It’s always fun to revisit a show you haven’t seen in a while and it’s even nicer when that production lives up to the memories you have of the Broadway production of that show. That was the case with The Little Theatre of Alexandria’s production of “Avenue Q”. What made this production even more fun for me was that it is coinciding with another Tony Award winning show by composer and lyricist Robert Lopez, “The Book of Mormon”. Being able to see these two shows within weeks of each other in such vastly different venues of The Kennedy Center and the Little Theatre gave me even greater appreciation of Robert Lopez of how his two shows were able to handle and succeed in such differing venues. On top of that, it gave me great appreciation of the production that the Little Theatre put on, from the professional sets to the outstanding performers. The performers/puppeteers did a wonderful job of capturing the emotions of their characters through both the posture (for lack of a better expression) of their puppet and combining it with their own posture as well. As an audience member the most difficult decision you had to make was whether to watch the puppets or the performers of those puppets, because both were so emotive and enhanced the performance. What made it even more enjoyable is that the entire cast seemed to be having as much fun as the audience and for a show like Avenue Q that is essential.

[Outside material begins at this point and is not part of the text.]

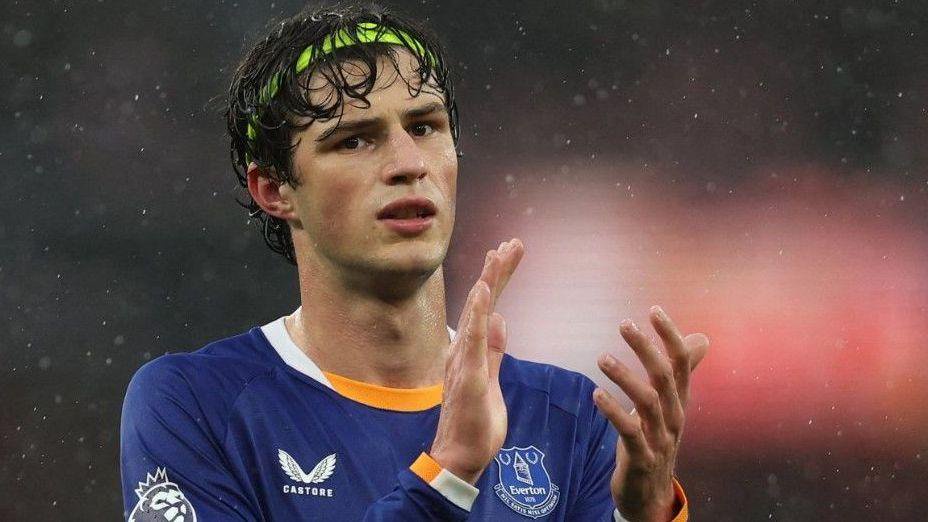 Everton's Merlin Röhl applauds fans after the match on 26 October. He is wearing a blue Everton kit and it is raining. 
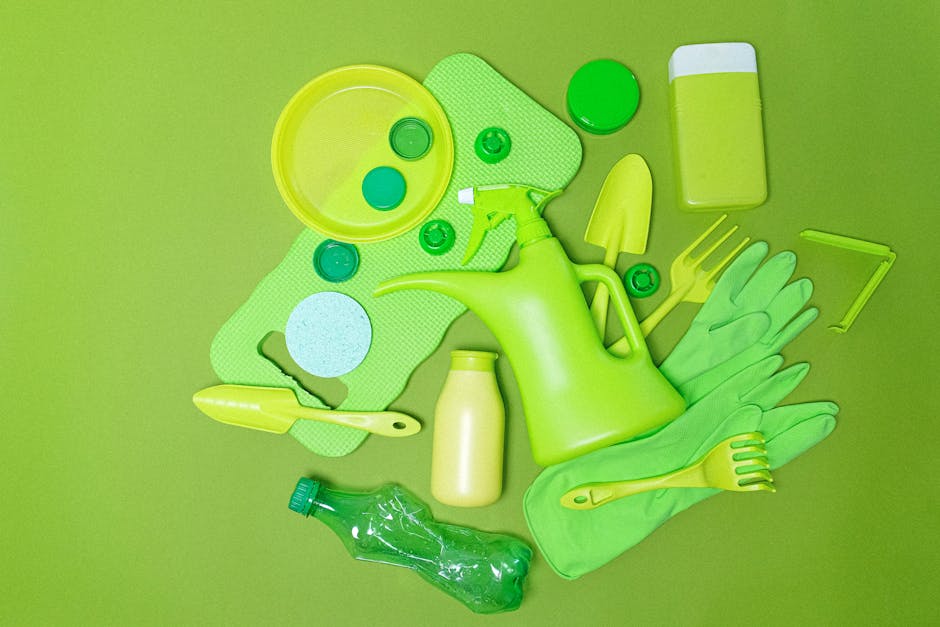 A collection of green household cleaning tools and supplies arranged on a bright green surface. The items include a plastic watering can, a spray bottle, rubber gloves, a small hand rake, a sponge, pl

As for the show itself, think Sesame Street for the recently graduated from college set. Finding their way in the world with a Bachelor’s degree, but no discernible skill set. It follows the lives of a group of puppets and humans that live in an apartment building in New York as they enter the work force and our faced with the ups and downs of employment, relationships, and life in general. Of course it is done in an irreverent and humorous manner that may offend the most sensitive of audience members with songs like “The Internet Is For Porn”, “Everyone’s a Little Bit Racist”, “You can be as loud as the hell you want (when you’re makin’ love”, and “My girlfriend, who lives in Canada”. But pull away the full on “graphic” puppet sex scene, some foul language, and some pseudo-taboo topics and you have a group of characters who really care about each other and are just trying their best. Whether it is a character trying to start a school, another trying to find his purpose, or another accepting his sexuality the acceptance and support they receive along the way from their friends shows that the heart of this show is truly sappy. And that sensibility is clearly seen in “The Book of Mormon”. While the media gives a lot of the credit to the more high profile guys from South Park, I truly see Robert Lopez’s fingers all over that show after taking in Avenue Q again.
While it has only a short time left before it’s run ends, if you have any inclination to check it out make it your business because this production is well worth it.